7. True wisdom: affirming the vision
STAGE 1: Facing Reality
TRUE WISDOM
AFFIRMING THE VISION
Introductory Prayer: Come, Holy Spirit (Just click or tap)
CALL
Aim: To realise the various dimensions of true wisdom, mainly Jesus, his Word, the Cross.
Readings
Jesus-Wisdom in the Temple (Lk 2:46-52): After three days they found Jesus in the temple, sitting among the teachers, listening to them and asking them questions. And all who heard him were amazed at his understanding and his answers. When his parents saw him they were astonished; and his mother said to him, “Child, why have you treated us like this? Look, your father and I have been searching for you in great anxiety”. He said to them, “Why were you searching for me? Did you not know that I must be in my Father’s house?” But they did not understand what he said to them. Then he went down with them and came to Nazareth, and was obedient to them. His mother treasured all these things in her heart. And Jesus increased in wisdom and in years, and in divine and human favour.
Jesus speaks with wisdom (Mk 6:1-3): Jesus came to his hometown, and his disciples followed him. On the Sabbath he began to teach in the synagogue, and many who heard him were astounded. They said, “Where did this man get all this? What is this wisdom that has been given to him? What deeds of power are being done by his hands! Is not this the carpenter, the son of Mary and brother of James and Joses and Judas and Simon, and are not his sisters here with us?” And they took offense at him.
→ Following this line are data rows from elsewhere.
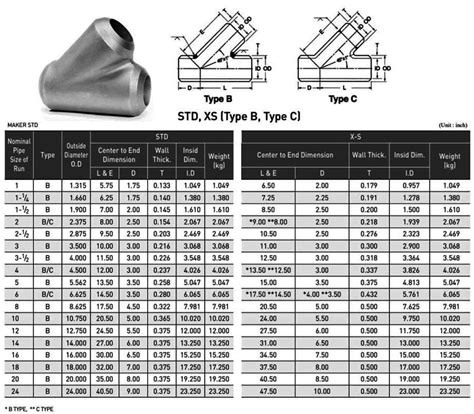 Stainless Steel Threaded Tee Asme B16 11 Tee Equal Dimensions Weight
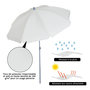 Voir la diapositive 4 : OUTSUNNY Parasol inclinable octogonal de jardin Ø 2,2 x 2,3 H m métal polyester crème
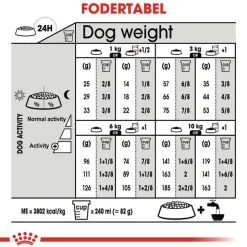 Royal Canin Relax Care Mini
The wisdom of the cross (1 Cor 1:22-25): Jews demand signs and Greeks desire wisdom, but we proclaim Christ crucified, a stumbling block to Jews and foolishness to Gentiles, but to those who are the called, both Jews and Greeks, Christ the power of God and the wisdom of God. For God’s foolishness is wiser than human wisdom, and God’s weakness is stronger than human strength.
Comment
After realising the various manifestations of the “wisdom of the world” and its deceitful ways, we feel called to look for and embrace “true wisdom”.
The evangelist Luke, by placing the adolescent Jesus “in the temple, sitting among the teachers, listening to them and asking them questions”, identifies him as the incarnate Wisdom described in abstract terms in the book of Sirach: “Wisdom praises herself, and tells of her glory in the midst of her people. In the assembly of the Most High she opens her mouth, and in the presence of his hosts she tells of her glory” (24:1-2).
Now Wisdom has become flesh and lives among us (cf. Jn 1:14). Wisdom is Jesus who calls us to enter into an intimate relationship with him. He invites us to take his words seriously, to treasure and ponder them in our heart (cf. Lk 2:51) and not to demean them as his hometown people did.
Jesus Christ proves to be the Wisdom of God particularly through his ability to empty the cross of its foolishness and to transform it into “power and wisdom of God”. He invests so much into this extraordinary transformation as to identify Wisdom with the Cross (cf. LEW 180) and to “incorporate and unite himself” with the Cross: “Never the Cross without Jesus, or Jesus without the Cross” (LEW 172).
Personal Reflection and Sharing
True Wisdom is a relationship with three inseparable realities: the person of Jesus, his Word and his way of viewing the cross.
How am I “called” today to see and experience Wisdom in these three “inseparable realities”?